Work request:
Nothing in the records should be left out; transcribe them exactly.

Records for this task:
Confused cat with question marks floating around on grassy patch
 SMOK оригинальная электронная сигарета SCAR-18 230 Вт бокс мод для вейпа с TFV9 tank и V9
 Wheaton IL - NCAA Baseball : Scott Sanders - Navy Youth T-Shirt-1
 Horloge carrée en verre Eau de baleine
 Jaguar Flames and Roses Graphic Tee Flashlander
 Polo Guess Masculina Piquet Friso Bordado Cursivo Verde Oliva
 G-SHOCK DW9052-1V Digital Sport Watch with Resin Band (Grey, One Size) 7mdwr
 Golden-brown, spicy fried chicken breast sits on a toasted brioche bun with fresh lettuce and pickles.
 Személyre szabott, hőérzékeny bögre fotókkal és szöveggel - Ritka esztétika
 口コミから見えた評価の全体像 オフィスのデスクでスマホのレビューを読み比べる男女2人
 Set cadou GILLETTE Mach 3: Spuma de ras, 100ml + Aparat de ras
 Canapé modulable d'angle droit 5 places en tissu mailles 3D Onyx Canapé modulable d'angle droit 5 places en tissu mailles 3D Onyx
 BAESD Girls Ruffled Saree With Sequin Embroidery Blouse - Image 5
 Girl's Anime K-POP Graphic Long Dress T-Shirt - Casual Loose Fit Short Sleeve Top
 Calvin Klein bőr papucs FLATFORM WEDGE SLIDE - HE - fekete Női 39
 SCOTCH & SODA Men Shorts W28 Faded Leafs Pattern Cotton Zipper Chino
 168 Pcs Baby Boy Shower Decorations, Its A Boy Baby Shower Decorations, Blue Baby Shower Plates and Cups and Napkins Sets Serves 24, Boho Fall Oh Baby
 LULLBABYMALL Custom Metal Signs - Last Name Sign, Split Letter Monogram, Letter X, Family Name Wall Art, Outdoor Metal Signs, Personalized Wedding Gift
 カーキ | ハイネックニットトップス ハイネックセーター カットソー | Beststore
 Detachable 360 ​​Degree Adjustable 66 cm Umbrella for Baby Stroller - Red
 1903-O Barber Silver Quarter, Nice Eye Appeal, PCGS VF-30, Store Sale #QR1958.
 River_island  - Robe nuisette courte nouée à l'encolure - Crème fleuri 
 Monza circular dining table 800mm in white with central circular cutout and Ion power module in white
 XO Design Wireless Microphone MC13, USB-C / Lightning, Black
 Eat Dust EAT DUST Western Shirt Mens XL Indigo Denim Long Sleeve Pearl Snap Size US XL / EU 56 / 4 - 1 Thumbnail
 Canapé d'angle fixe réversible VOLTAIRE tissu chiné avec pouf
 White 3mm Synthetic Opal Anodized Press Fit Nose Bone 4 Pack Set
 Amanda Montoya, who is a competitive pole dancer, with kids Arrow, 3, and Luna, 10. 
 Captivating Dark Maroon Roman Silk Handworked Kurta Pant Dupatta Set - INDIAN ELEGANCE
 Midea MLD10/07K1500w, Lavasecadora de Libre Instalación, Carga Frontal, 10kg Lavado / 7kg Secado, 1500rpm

Output for this exercise:
Confused cat with question marks floating around on grassy patch
 SMOK оригинальная электронная сигарета SCAR-18 230 Вт бокс мод для вейпа с TFV9 tank и V9
 Wheaton IL - NCAA Baseball : Scott Sanders - Navy Youth T-Shirt-1
 Horloge carrée en verre Eau de baleine
 Jaguar Flames and Roses Graphic Tee Flashlander
 Polo Guess Masculina Piquet Friso Bordado Cursivo Verde Oliva
 G-SHOCK DW9052-1V Digital Sport Watch with Resin Band (Grey, One Size) 7mdwr
 Golden-brown, spicy fried chicken breast sits on a toasted brioche bun with fresh lettuce and pickles.
 Személyre szabott, hőérzékeny bögre fotókkal és szöveggel - Ritka esztétika
 口コミから見えた評価の全体像 オフィスのデスクでスマホのレビューを読み比べる男女2人
 Set cadou GILLETTE Mach 3: Spuma de ras, 100ml + Aparat de ras
 Canapé modulable d'angle droit 5 places en tissu mailles 3D Onyx Canapé modulable d'angle droit 5 places en tissu mailles 3D Onyx
 BAESD Girls Ruffled Saree With Sequin Embroidery Blouse - Image 5
 Girl's Anime K-POP Graphic Long Dress T-Shirt - Casual Loose Fit Short Sleeve Top
 Calvin Klein bőr papucs FLATFORM WEDGE SLIDE - HE - fekete Női 39
 SCOTCH & SODA Men Shorts W28 Faded Leafs Pattern Cotton Zipper Chino
 168 Pcs Baby Boy Shower Decorations, Its A Boy Baby Shower Decorations, Blue Baby Shower Plates and Cups and Napkins Sets Serves 24, Boho Fall Oh Baby
 LULLBABYMALL Custom Metal Signs - Last Name Sign, Split Letter Monogram, Letter X, Family Name Wall Art, Outdoor Metal Signs, Personalized Wedding Gift
 カーキ | ハイネックニットトップス ハイネックセーター カットソー | Beststore
 Detachable 360 ​​Degree Adjustable 66 cm Umbrella for Baby Stroller - Red
 1903-O Barber Silver Quarter, Nice Eye Appeal, PCGS VF-30, Store Sale #QR1958.
 River_island  - Robe nuisette courte nouée à l'encolure - Crème fleuri 
 Monza circular dining table 800mm in white with central circular cutout and Ion power module in white
 XO Design Wireless Microphone MC13, USB-C / Lightning, Black
 Eat Dust EAT DUST Western Shirt Mens XL Indigo Denim Long Sleeve Pearl Snap Size US XL / EU 56 / 4 - 1 Thumbnail
 Canapé d'angle fixe réversible VOLTAIRE tissu chiné avec pouf
 White 3mm Synthetic Opal Anodized Press Fit Nose Bone 4 Pack Set
 Amanda Montoya, who is a competitive pole dancer, with kids Arrow, 3, and Luna, 10. 
 Captivating Dark Maroon Roman Silk Handworked Kurta Pant Dupatta Set - INDIAN ELEGANCE
 Midea MLD10/07K1500w, Lavasecadora de Libre Instalación, Carga Frontal, 10kg Lavado / 7kg Secado, 1500rpm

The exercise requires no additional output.